MONTREAL — The arrival of firefighters from France and New Brunswick is expected to bolster efforts to contain and control the large number of fires burning across Quebec in what's expected to be a marathon wildfire season, officials said Friday.
Maïté Blanchette Vézina, the province's minister of forests and natural resources, said the situation in the province remains critical but is improving.
The province's forest fire prevention agency — SOPFEU — says the arrival of fresh forces on the ground is a sign "the sprint phase has ended and we're now in the marathon phase," she told a Quebec City briefing.
Blanchette Vézina said the efforts in the coming days will permit firefighters to contain and begin extinguishing some of the approximately 140 fires that remained active across the province as of Friday morning, including some that have been allowed to burn freely due to a lack of personnel.
She said the improved situation is also allowing the province to lift the ban on activities in the woods in most of the Côte-Nord and parts of the Saguenay-Lac-St-Jean regions, although forestry work and all forms of fires are still prohibited.
Public Security Minister François Bonnardel said there should be about 1,200 people fighting fires in the province by Monday, including hundreds of firefighters from the United States, Portugal and Spain who were expected to arrive in the coming days. There were also 370 military members helping with logistics, evacuations and fire duties, he added.
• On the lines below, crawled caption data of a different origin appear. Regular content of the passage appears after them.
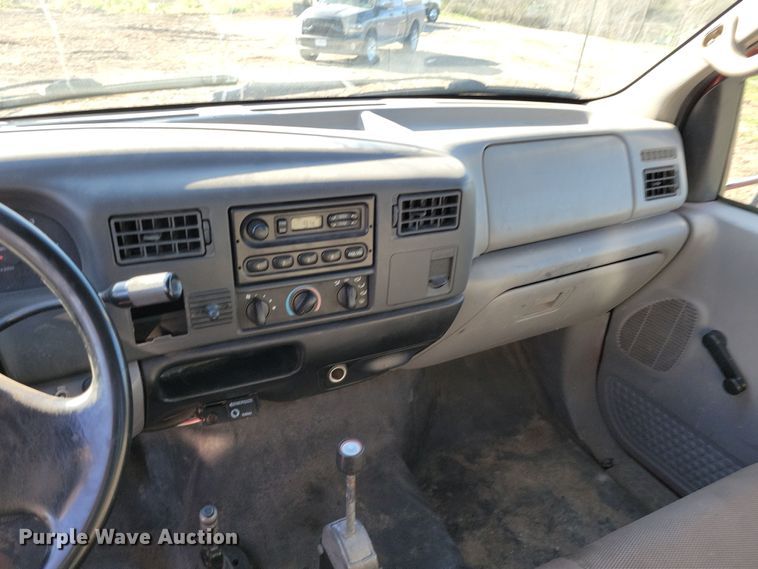 image for item DP1321 2000 Ford F650 Super Duty dump truck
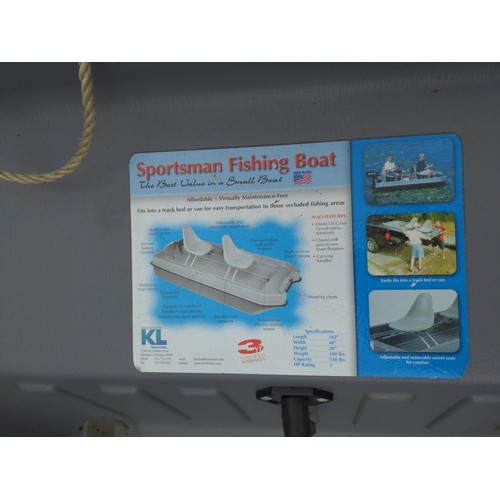 182 - Sportsman sun dolphin, Sportsman fishing boat L102inches W40inches H20inches + Watersnake Venom xs 5... 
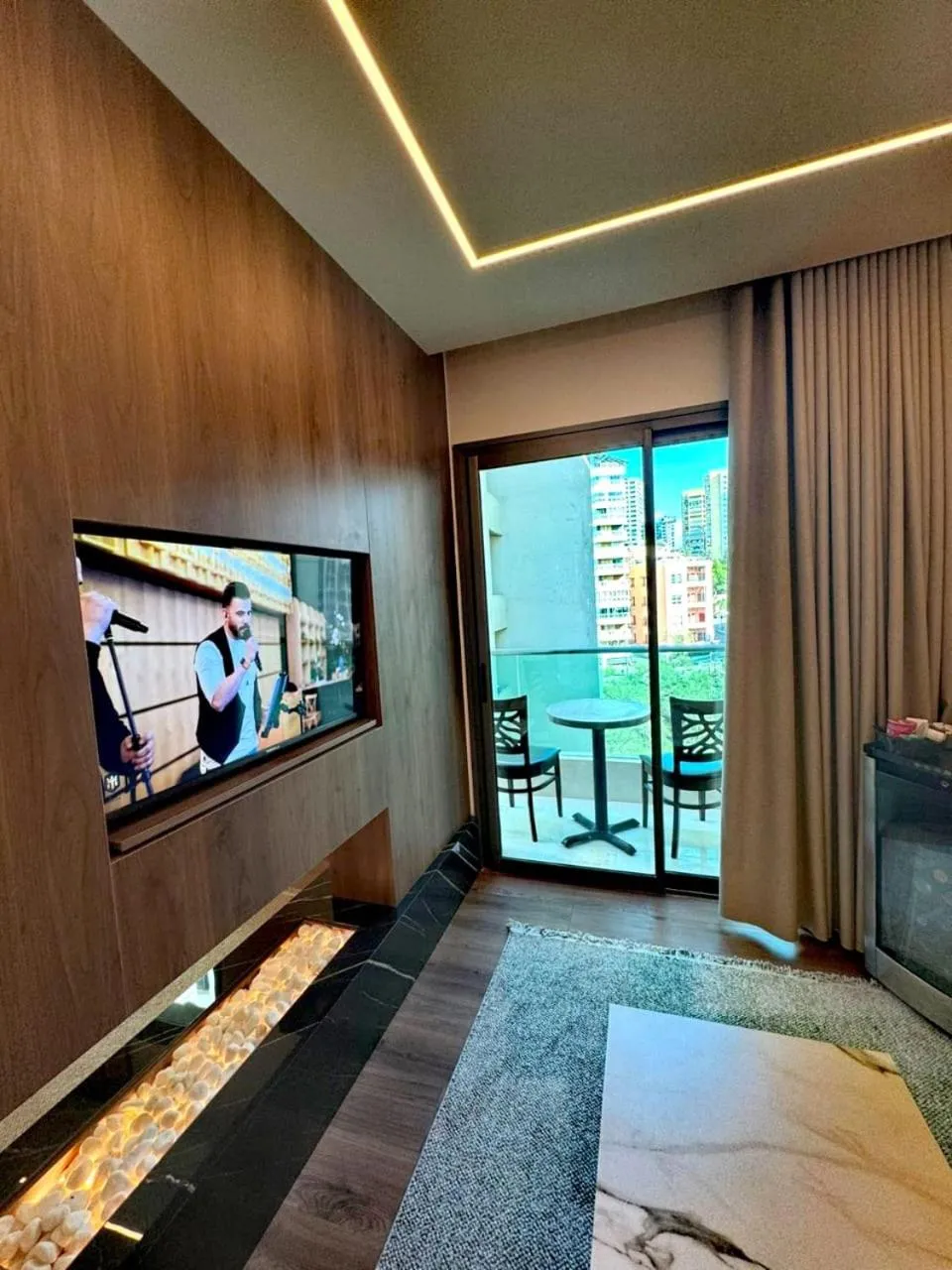 View (from property/room), Bed in King Suites Hotel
As of Friday, the fires had forced more than 13,500 people from their homes, many of them in the northern municipalities of Chibougamau and Lebel-sur-Quévillon. About 50 people were also evacuated from a detention centre in Amos, Que., as a preventive measure, Bonnardel said.
Despite the stabilizing situation, Bonnardel said it was likely many of the evacuees wouldn't be able to return home before next week.
He announced the province would offer $1,500 to each household that was evacuated and would fully reimburse affected municipalities for the costs they incurred to run shelters, manage evacuations and fight fires.
Blanchette Vézina said the wildfire fight on Friday continued to focus on the province's northern and western regions, including on a blaze that came to within 500 metres of a town in the Abitibi region. She said the situation in Normétal, Que., remained critical but that no damage had been reported in the 800-person community located 720 kilometres northwest of Montreal.
Morale among firefighters on the ground remained high, she said, despite a gruelling week.
"They're all fighting, they're all on adrenalin," she said. "What they do, they're there to save lives, save communities, and their work and skills are put to full use. So morale is very good, and even better since reinforcements are arriving."
SOPFEU has described the current wildfire season as the worst on record. The province has reported a total of 444 wildfires so far this year, compared to an average of 207 at the same date during prior years.